Here is one Norm built. The plans might give you some ideas.

http://www.newyankee.com/getproduct.php?408


----------



## cabinetman (Jul 5, 2007)

The image in your post is a bit too small to see the detail. But, a glued up bent lamination is the way I do them. The results with that process produces less spring back and a much stiffer section. If there is a surface detail that is not deeper than the last layer, you could machine that prior to laminating. Some profiles can be added to the face after the laminations are complete, such as edge profiles.


----------



## ACP (Jan 24, 2009)

Thanks for the input guys. Cabinetman, I tried to describe the bent boards as best I could. She doesn't want carvings in them as much as just curves along the bottom facing edge. Something I would normally bandsaw out and sand to the line. Nothing terrible fancy just not a straight lined bottom edge. I will study up on the lamination method and give her a go. Thanks again.
-Adam


----------



## FDSolutionsllc (Jun 26, 2009)

We manufacture simular tables, and have excellent results using "1/8" Italian Poplar Bending Plywood", over Flexboard, or in this example we used Oak resawn to 1/8". The attached round table, excuse the dust, is an example.

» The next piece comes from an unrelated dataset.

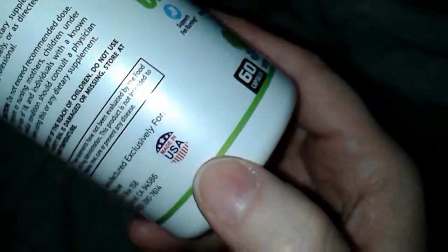This is FDA approved GMP, gluten free, and it's made in the USA. I love that. So let's open these up.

The same method will work on your table if you're not concerned with the carving. Also, applied mouldings can sub for the carving. Hope this helps.


----------



## The Everyman Show (Jul 10, 2009)

Adam somebody not so long ago posted pictures in the completed projects section on this forum of a very similar table as shown in the picture you attached. You may want to give it a look over for ideas. 
I would also recommend making a bending form and then gluing up your laminations. Make sure you do a test run or runs on your bending and clamping method before you apply glue to anything – it really is trickier than it would appear. I am attaching a couple of photo’s of a bending form I made last year for the top of a curved head board. Obviously yours will be much smaller but the same principles apply. Good luck with your project and keep us posted with updates.


----------